> RAW DATA
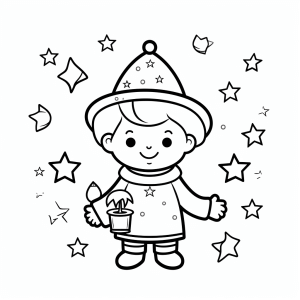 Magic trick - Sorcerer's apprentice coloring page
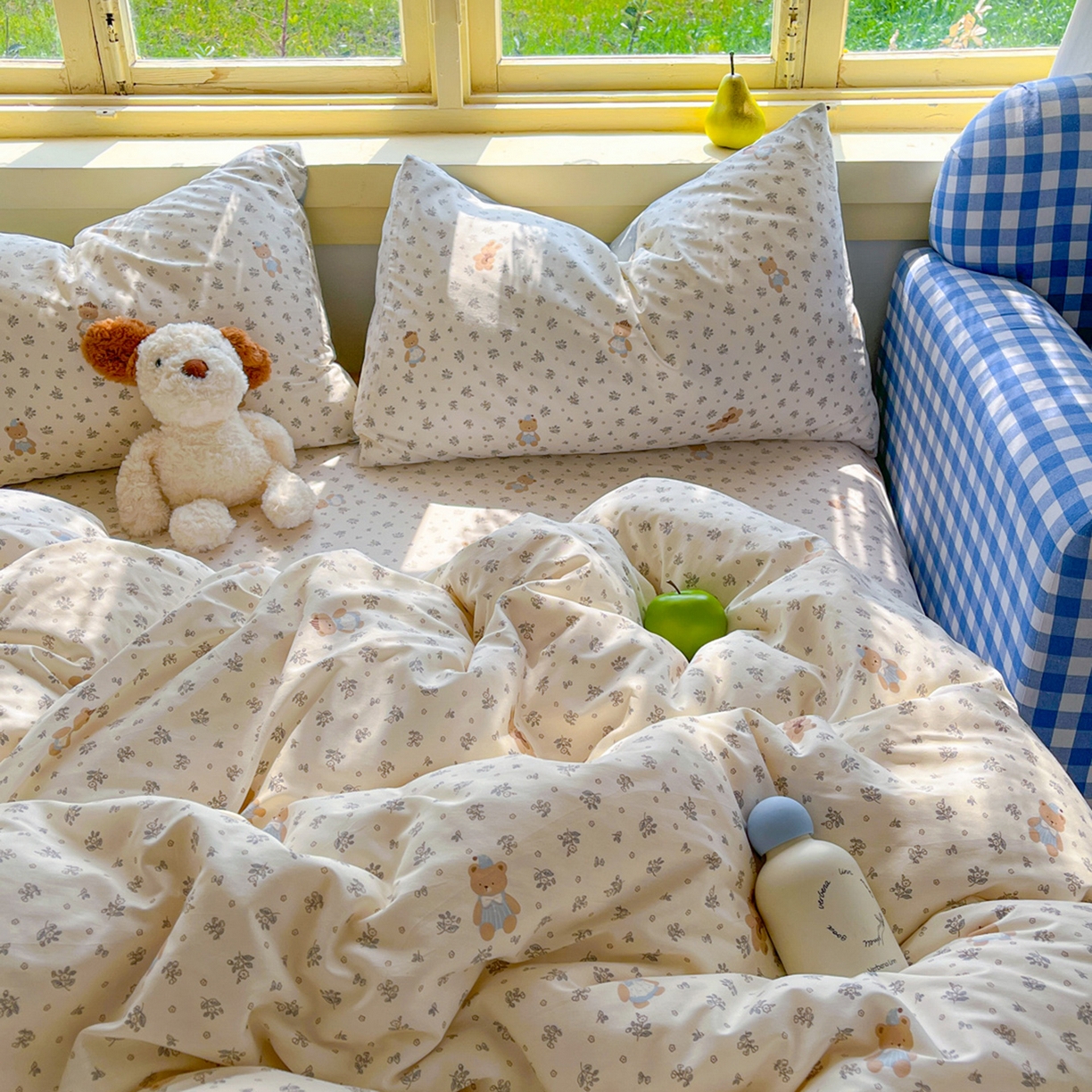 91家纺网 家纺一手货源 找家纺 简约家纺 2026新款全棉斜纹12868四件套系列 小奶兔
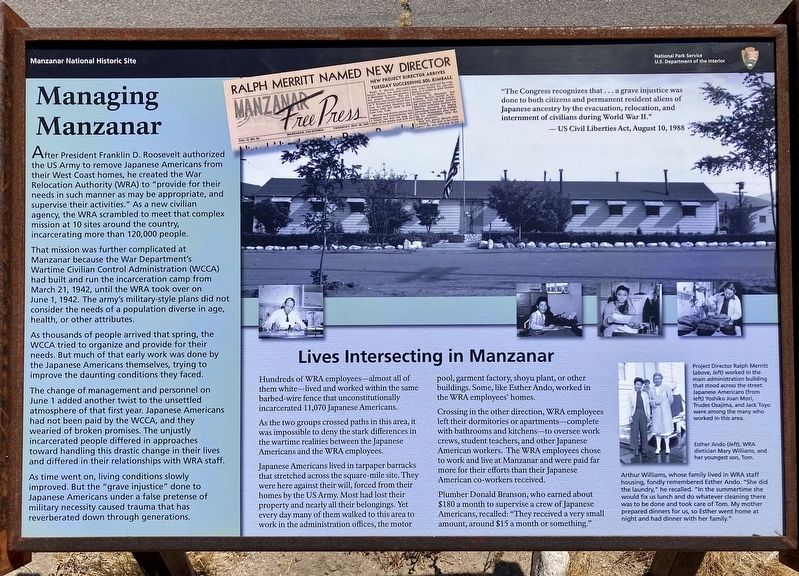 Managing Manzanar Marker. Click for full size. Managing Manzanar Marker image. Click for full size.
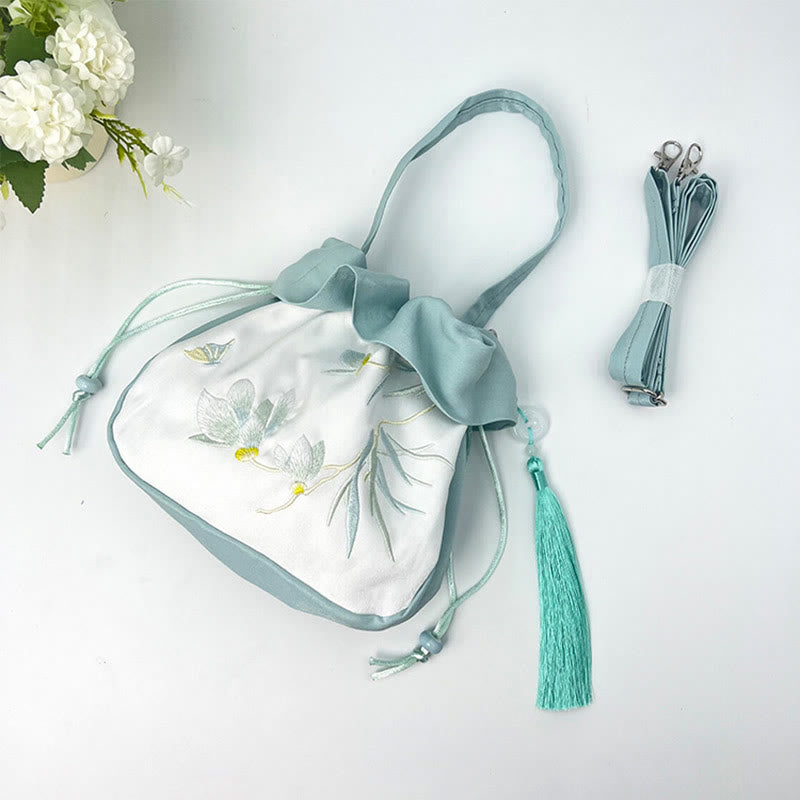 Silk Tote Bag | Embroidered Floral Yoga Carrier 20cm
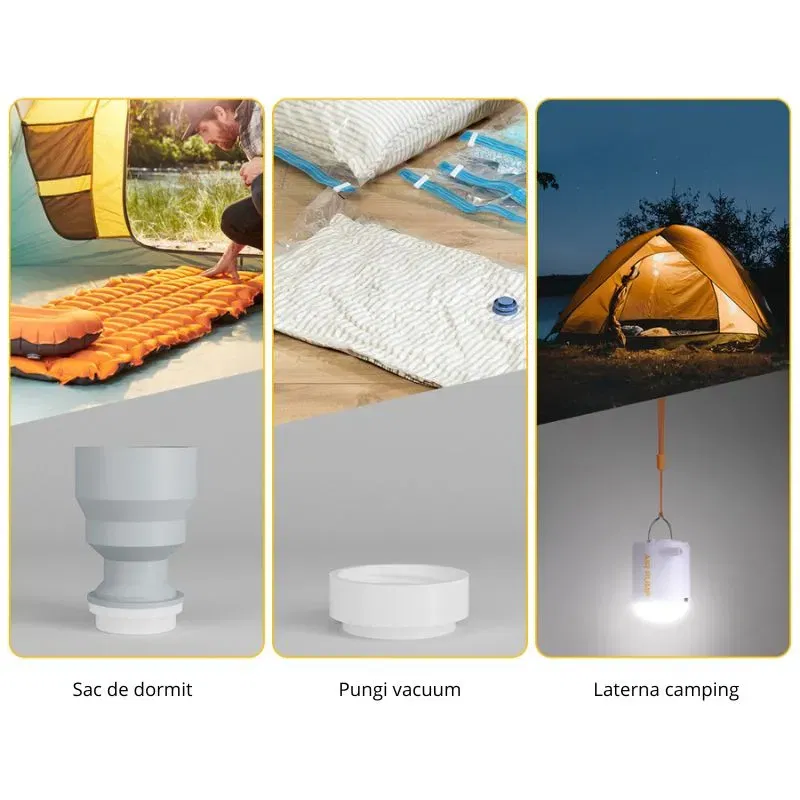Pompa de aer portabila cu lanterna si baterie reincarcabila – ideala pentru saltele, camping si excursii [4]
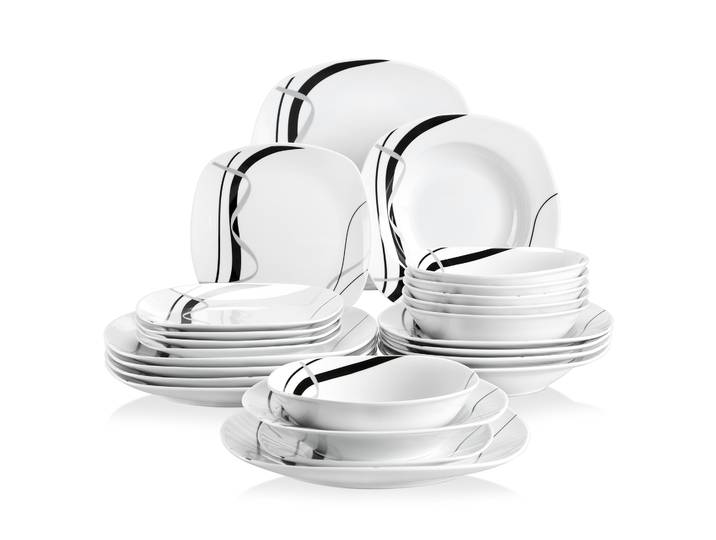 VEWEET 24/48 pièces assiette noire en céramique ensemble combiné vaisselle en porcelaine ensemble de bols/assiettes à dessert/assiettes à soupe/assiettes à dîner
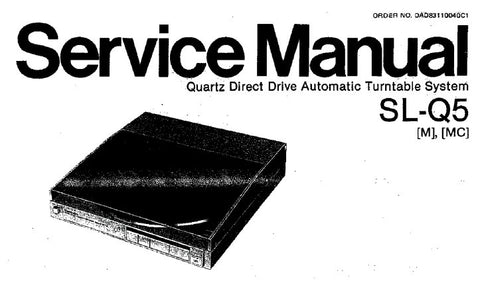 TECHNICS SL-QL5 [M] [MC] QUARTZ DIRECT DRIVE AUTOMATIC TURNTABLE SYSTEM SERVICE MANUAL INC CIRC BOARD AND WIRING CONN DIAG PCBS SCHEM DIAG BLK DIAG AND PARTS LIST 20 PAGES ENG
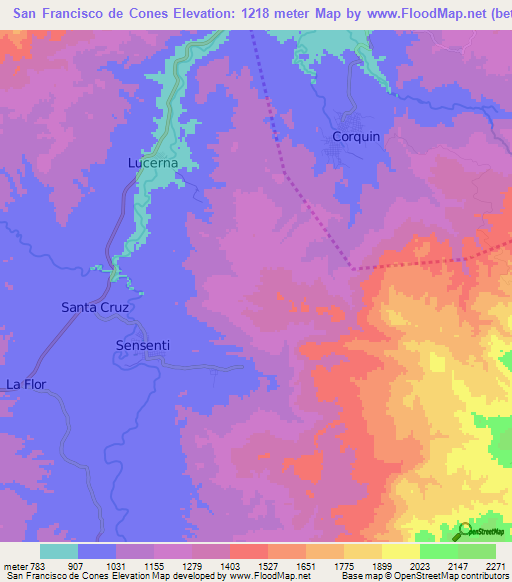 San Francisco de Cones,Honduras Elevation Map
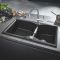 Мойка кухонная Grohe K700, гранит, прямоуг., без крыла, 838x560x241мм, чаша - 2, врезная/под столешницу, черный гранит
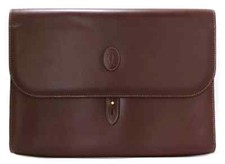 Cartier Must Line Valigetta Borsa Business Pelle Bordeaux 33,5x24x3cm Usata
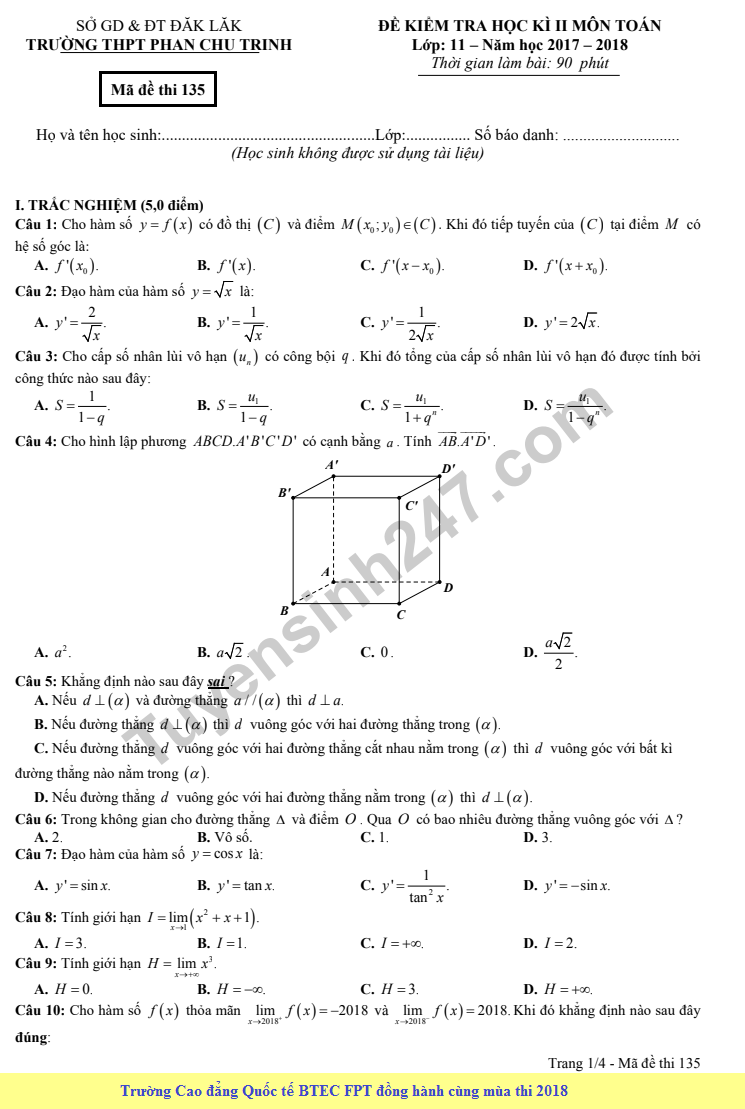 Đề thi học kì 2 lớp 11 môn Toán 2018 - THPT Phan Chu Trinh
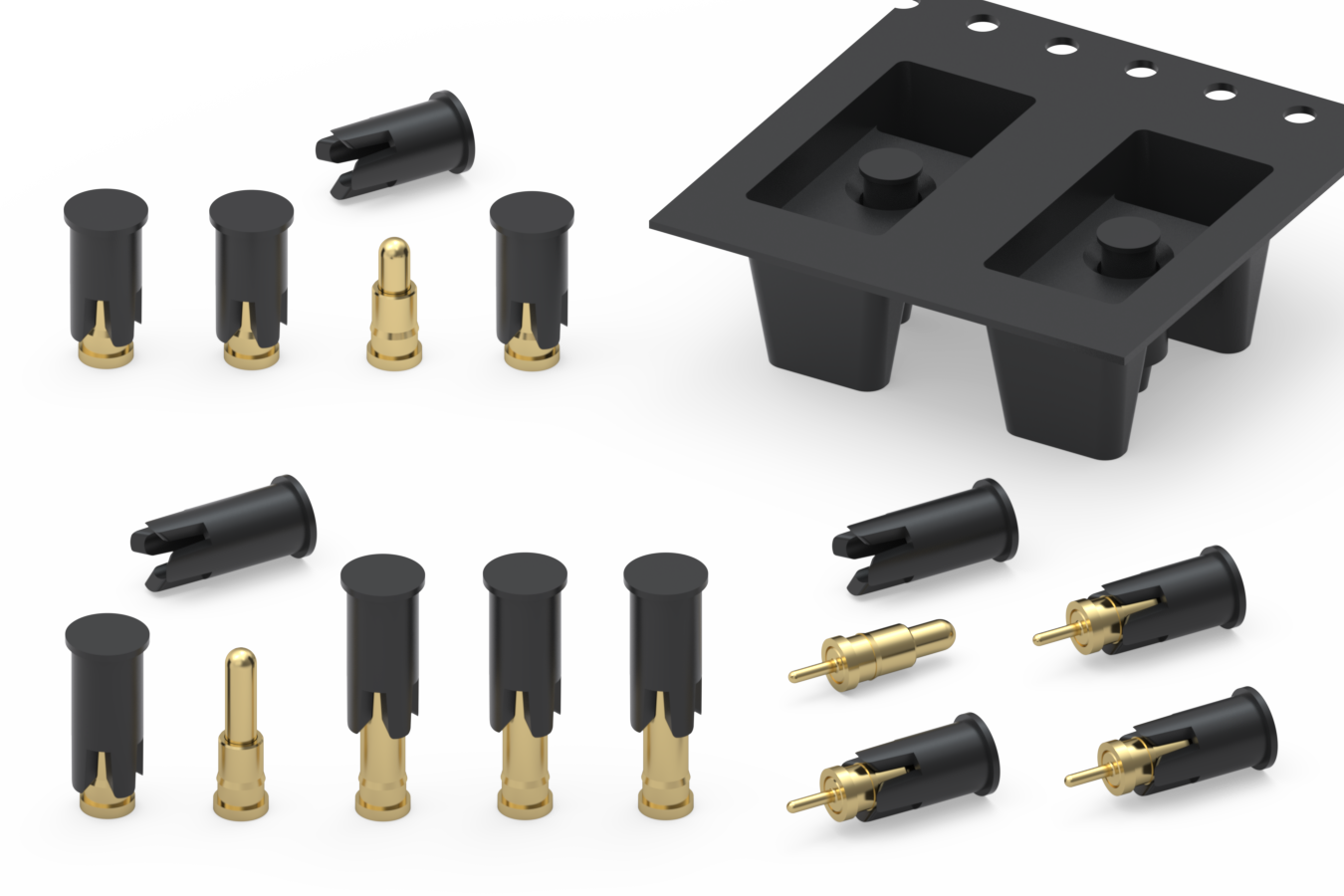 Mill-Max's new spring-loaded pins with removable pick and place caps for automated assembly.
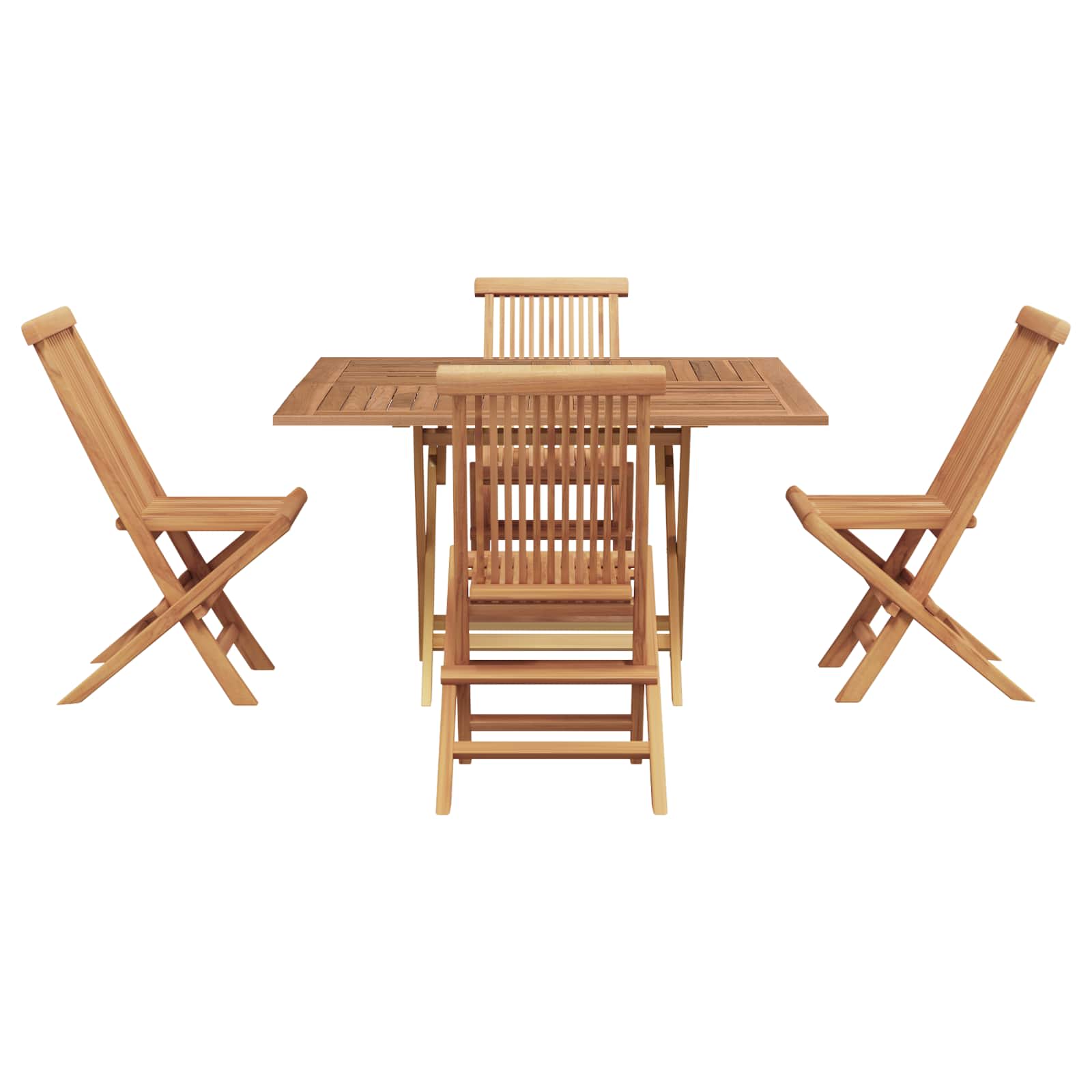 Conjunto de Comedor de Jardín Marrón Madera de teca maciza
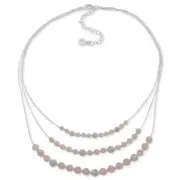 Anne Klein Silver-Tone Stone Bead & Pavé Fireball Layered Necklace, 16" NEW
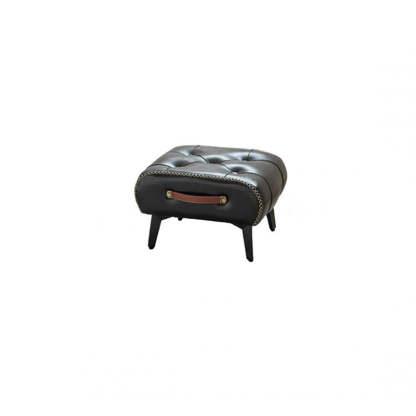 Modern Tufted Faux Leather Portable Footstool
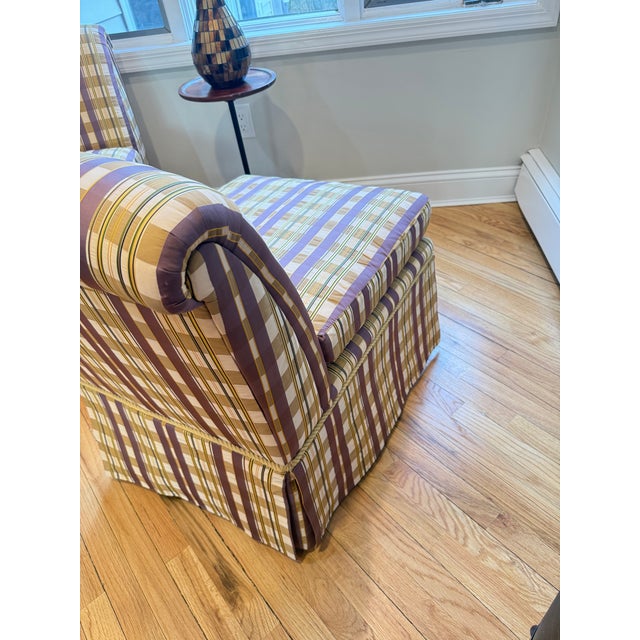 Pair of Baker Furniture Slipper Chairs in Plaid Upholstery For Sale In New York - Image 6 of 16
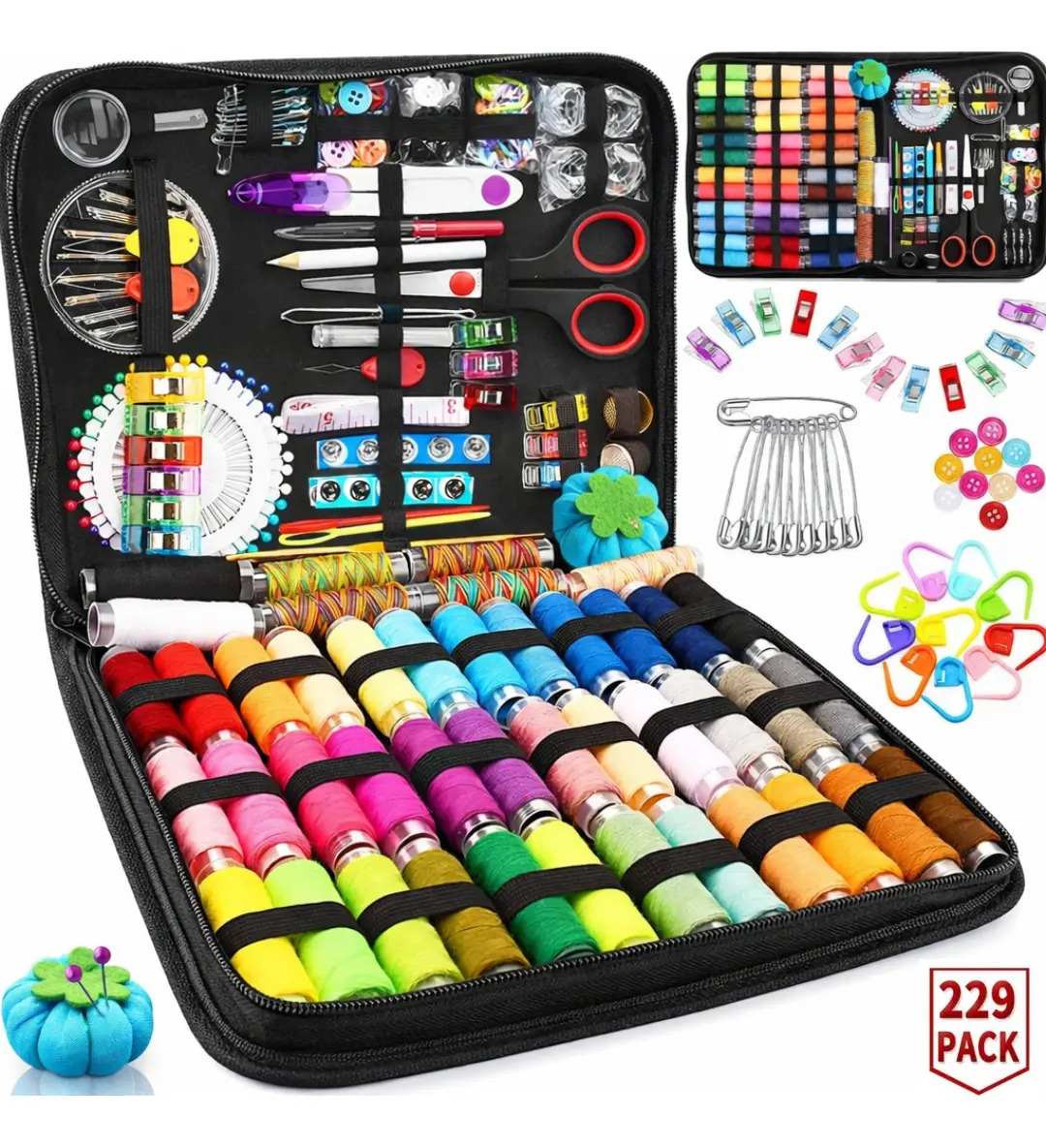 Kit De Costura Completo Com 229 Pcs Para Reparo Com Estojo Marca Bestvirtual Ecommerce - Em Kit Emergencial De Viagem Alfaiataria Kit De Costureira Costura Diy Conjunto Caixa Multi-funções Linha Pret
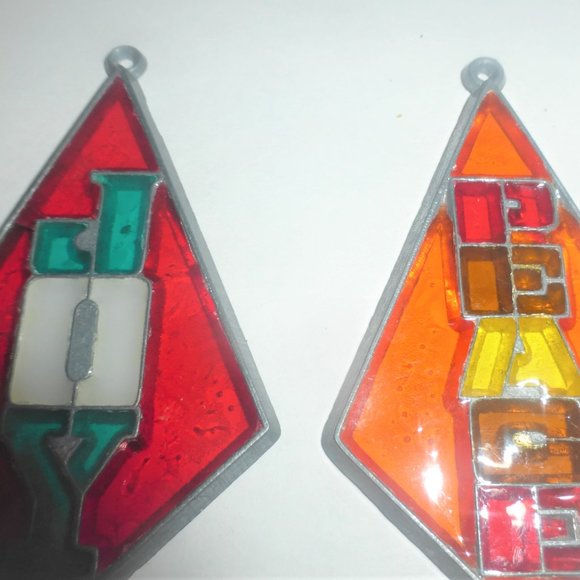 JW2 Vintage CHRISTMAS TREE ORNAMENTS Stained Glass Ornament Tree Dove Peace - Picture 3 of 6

> WORK REQUEST
Give back the whole listing exactly as written. Do not include any picture.

> EXERCISE RESPONSE
 Magic trick - Sorcerer's apprentice coloring page
 91家纺网 家纺一手货源 找家纺 简约家纺 2026新款全棉斜纹12868四件套系列 小奶兔
 Managing Manzanar Marker. Click for full size. Managing Manzanar Marker image. Click for full size.
 Silk Tote Bag | Embroidered Floral Yoga Carrier 20cm
Pompa de aer portabila cu lanterna si baterie reincarcabila – ideala pentru saltele, camping si excursii [4]
 VEWEET 24/48 pièces assiette noire en céramique ensemble combiné vaisselle en porcelaine ensemble de bols/assiettes à dessert/assiettes à soupe/assiettes à dîner
 TECHNICS SL-QL5 [M] [MC] QUARTZ DIRECT DRIVE AUTOMATIC TURNTABLE SYSTEM SERVICE MANUAL INC CIRC BOARD AND WIRING CONN DIAG PCBS SCHEM DIAG BLK DIAG AND PARTS LIST 20 PAGES ENG
 San Francisco de Cones,Honduras Elevation Map
 Мойка кухонная Grohe K700, гранит, прямоуг., без крыла, 838x560x241мм, чаша - 2, врезная/под столешницу, черный гранит
 Cartier Must Line Valigetta Borsa Business Pelle Bordeaux 33,5x24x3cm Usata
 Đề thi học kì 2 lớp 11 môn Toán 2018 - THPT Phan Chu Trinh
 Mill-Max's new spring-loaded pins with removable pick and place caps for automated assembly.
 Conjunto de Comedor de Jardín Marrón Madera de teca maciza
 Anne Klein Silver-Tone Stone Bead & Pavé Fireball Layered Necklace, 16" NEW
 Modern Tufted Faux Leather Portable Footstool
 Pair of Baker Furniture Slipper Chairs in Plaid Upholstery For Sale In New York - Image 6 of 16
 Kit De Costura Completo Com 229 Pcs Para Reparo Com Estojo Marca Bestvirtual Ecommerce - Em Kit Emergencial De Viagem Alfaiataria Kit De Costureira Costura Diy Conjunto Caixa Multi-funções Linha Pret
 JW2 Vintage CHRISTMAS TREE ORNAMENTS Stained Glass Ornament Tree Dove Peace - Picture 3 of 6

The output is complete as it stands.